START MATERIAL PROVIDED

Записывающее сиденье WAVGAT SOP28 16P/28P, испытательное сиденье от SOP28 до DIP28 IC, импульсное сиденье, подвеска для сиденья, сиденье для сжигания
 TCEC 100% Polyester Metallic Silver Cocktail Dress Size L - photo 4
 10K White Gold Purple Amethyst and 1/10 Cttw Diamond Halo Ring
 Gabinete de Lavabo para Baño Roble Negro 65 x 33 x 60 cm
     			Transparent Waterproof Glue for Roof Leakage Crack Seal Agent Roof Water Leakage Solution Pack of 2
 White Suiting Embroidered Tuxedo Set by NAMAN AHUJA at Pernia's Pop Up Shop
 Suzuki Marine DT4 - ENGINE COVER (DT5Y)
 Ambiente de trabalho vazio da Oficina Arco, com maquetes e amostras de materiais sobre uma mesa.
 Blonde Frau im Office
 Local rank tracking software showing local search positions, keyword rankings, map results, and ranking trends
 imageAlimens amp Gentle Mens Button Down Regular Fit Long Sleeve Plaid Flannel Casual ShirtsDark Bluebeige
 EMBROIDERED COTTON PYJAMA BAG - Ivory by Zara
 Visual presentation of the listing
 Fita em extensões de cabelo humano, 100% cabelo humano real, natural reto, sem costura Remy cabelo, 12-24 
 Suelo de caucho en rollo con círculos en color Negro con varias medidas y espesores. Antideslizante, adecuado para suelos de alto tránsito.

END MATERIAL PROVIDED

* **TO DO**:
Every line from the one containing "White Suiting Embroidered" through the last line of the entries should be output exactly; nothing else belongs in the reply.

* **ANSWER FOR THE TASK**:
 White Suiting Embroidered Tuxedo Set by NAMAN AHUJA at Pernia's Pop Up Shop
 Suzuki Marine DT4 - ENGINE COVER (DT5Y)
 Ambiente de trabalho vazio da Oficina Arco, com maquetes e amostras de materiais sobre uma mesa.
 Blonde Frau im Office
 Local rank tracking software showing local search positions, keyword rankings, map results, and ranking trends
 imageAlimens amp Gentle Mens Button Down Regular Fit Long Sleeve Plaid Flannel Casual ShirtsDark Bluebeige
 EMBROIDERED COTTON PYJAMA BAG - Ivory by Zara
 Visual presentation of the listing
 Fita em extensões de cabelo humano, 100% cabelo humano real, natural reto, sem costura Remy cabelo, 12-24 
 Suelo de caucho en rollo con círculos en color Negro con varias medidas y espesores. Antideslizante, adecuado para suelos de alto tránsito.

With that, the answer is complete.